Insidethegames.com
Three-time Paralympic gold medal-winning wheelchair racer Tatyana McFadden has been selected as the winner of the Juan Antonio Samaranch International Olympic Committee (IOC) Disabled Athlete Award for the second time.
Chosen by the United States Sports Academy, the honour is presented annually to an athlete who displays courage, desire and athletic ability in the face of adversity to achieve the goals set forth in the athlete’s particular area of competition.
In 2014, McFadden won all four major world marathons – London, Boston, Chicago and New York – repeating her feat of 2013 when she became the first athlete ever to do so in a calendar year.

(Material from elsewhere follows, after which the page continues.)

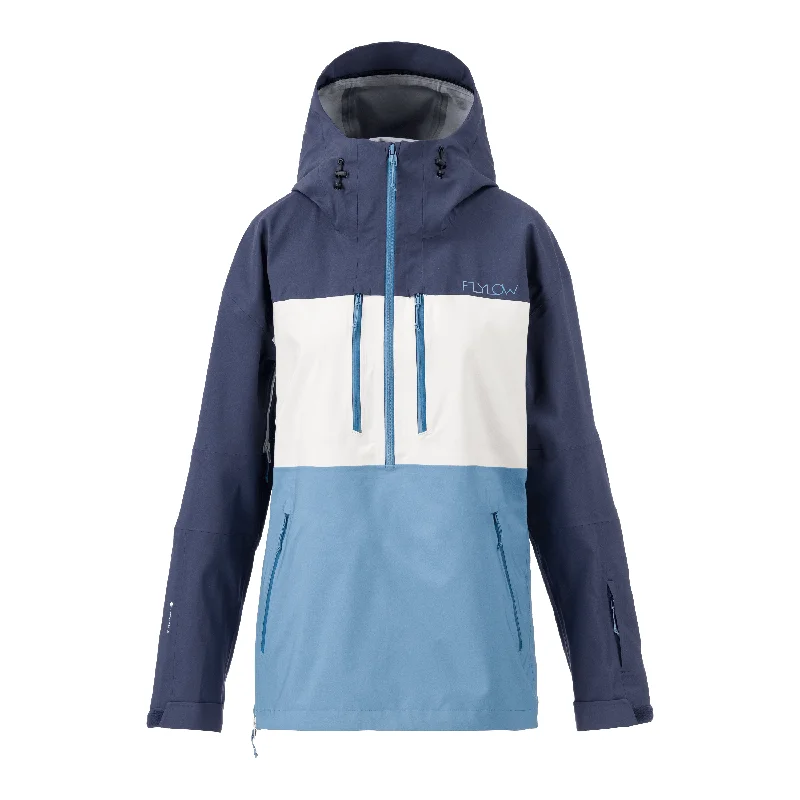 Flylow W Lucy Anorak Jacket Zip Front Button Front Snap Front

The American also powered to victory at this year’s Boston Marathon in April before going on to smash the course record at the London Marathon, which also doubled as the International Paralympic Committee (IPC) Athletics Marathon World Championships, later that same month.
Her time of 1 hour 41min 14sec broke the record by a staggering four minutes and it was not just on the roads where she enjoyed success as she was named as the Laureus World Sportsperson of the Year with a Disability, becoming the first American to do so.
Meanwhile, in her first full season in snow sports, McFadden claimed a silver medal at the Sochi 2014 Paralympic Games where she competed in the one kilometre cross-country sprint.
The Juan Antonio Samaranch IOC Disabled Athlete Award, named after the late Spanish sports administrator who served as IOC President from 1980 to 2001, was first given out in 1989 to American triathlete Jim McLaren.
Last year’s recipient was Russian cross-country skier and biathlete Roman Petushkov, winner of six titles at Sochi 2014, before which McFadden took the honour in 2013 owing partly to her three gold medals at London 2012 in the 400 metres, 800m and 1500m T54 races.
The United States Sports Academy is an independent, non-profit, accredited, special mission sports university created to serve America and the world with programmes in instruction, research, and service.
The role of the Academy is to prepare men and women for careers in the profession of sports.